#### TASK ITEM:
Exact copy, no pictures: return only the lines below from the line with "Girl playing a" up to and including the line with "PROTECTORKING 5x 3D".

#### INPUT MATERIAL:
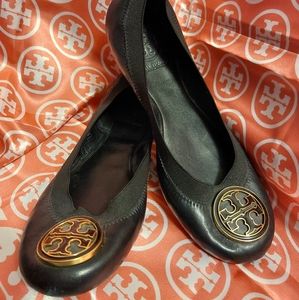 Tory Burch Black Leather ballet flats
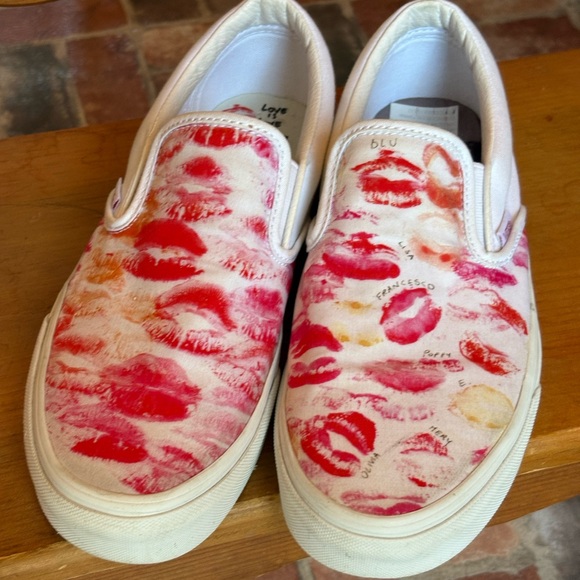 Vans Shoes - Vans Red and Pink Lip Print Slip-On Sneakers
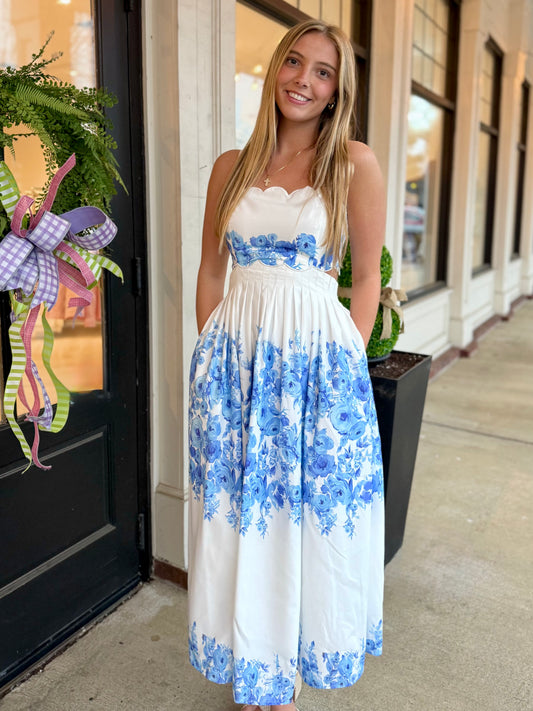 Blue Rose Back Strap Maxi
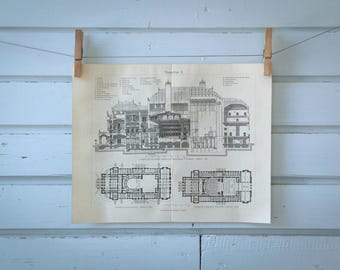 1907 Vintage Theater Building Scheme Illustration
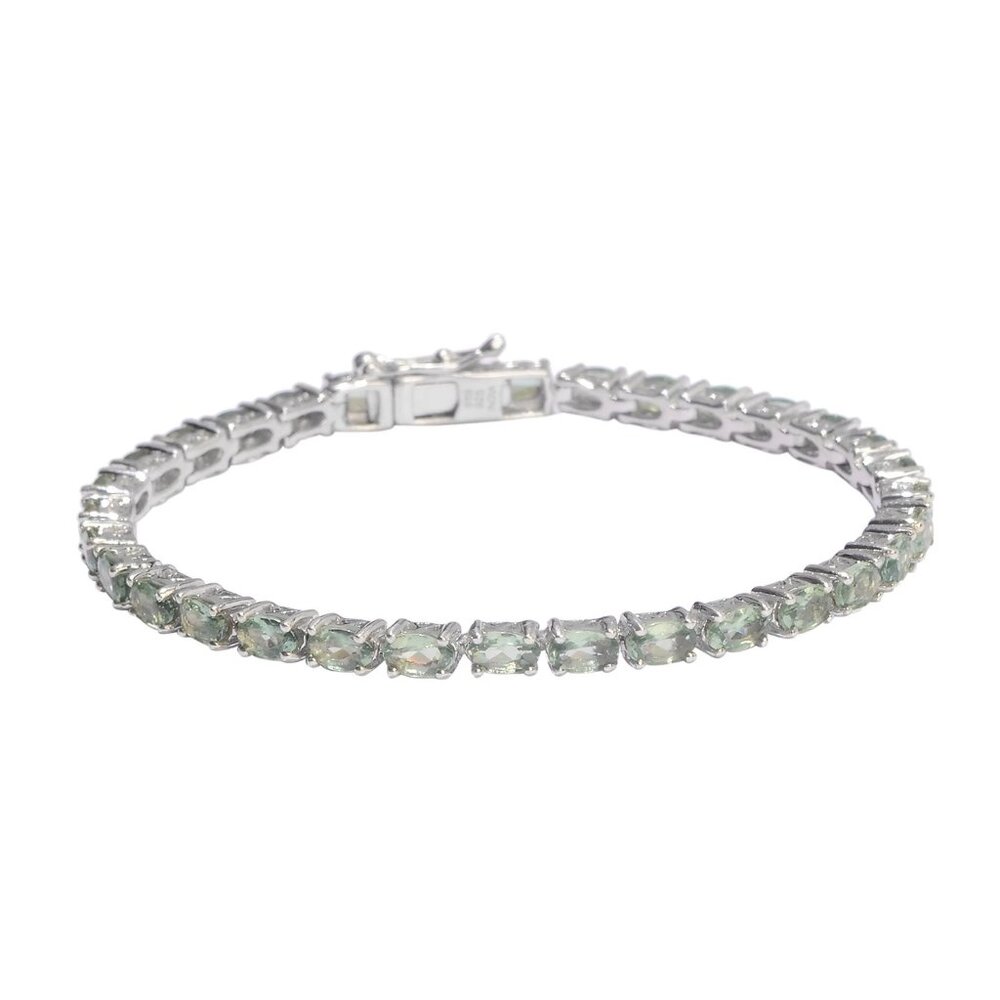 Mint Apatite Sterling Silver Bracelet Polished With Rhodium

==

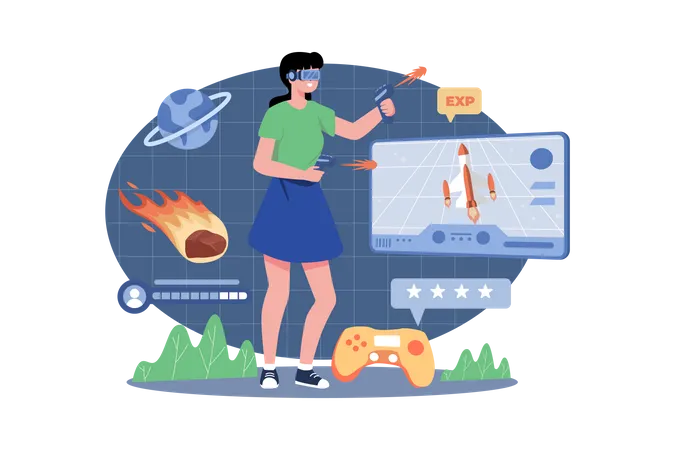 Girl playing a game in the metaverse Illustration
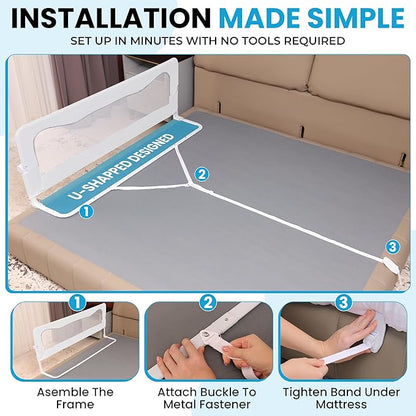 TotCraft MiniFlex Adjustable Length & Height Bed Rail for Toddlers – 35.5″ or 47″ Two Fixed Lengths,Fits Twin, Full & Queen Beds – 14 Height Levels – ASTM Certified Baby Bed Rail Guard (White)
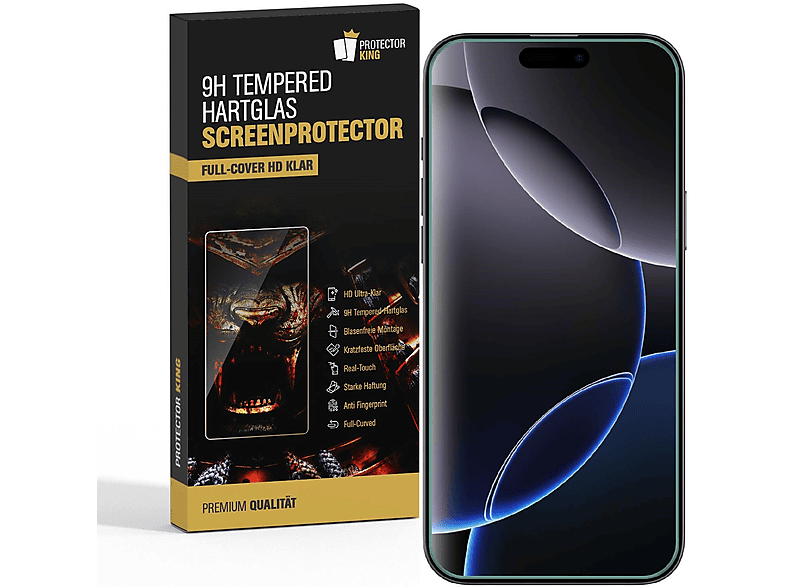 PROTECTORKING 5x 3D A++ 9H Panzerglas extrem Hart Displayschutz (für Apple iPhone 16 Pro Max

#### ANSWER AREA:
 Girl playing a game in the metaverse Illustration
 TotCraft MiniFlex Adjustable Length & Height Bed Rail for Toddlers – 35.5″ or 47″ Two Fixed Lengths,Fits Twin, Full & Queen Beds – 14 Height Levels – ASTM Certified Baby Bed Rail Guard (White)
 PROTECTORKING 5x 3D A++ 9H Panzerglas extrem Hart Displayschutz (für Apple iPhone 16 Pro Max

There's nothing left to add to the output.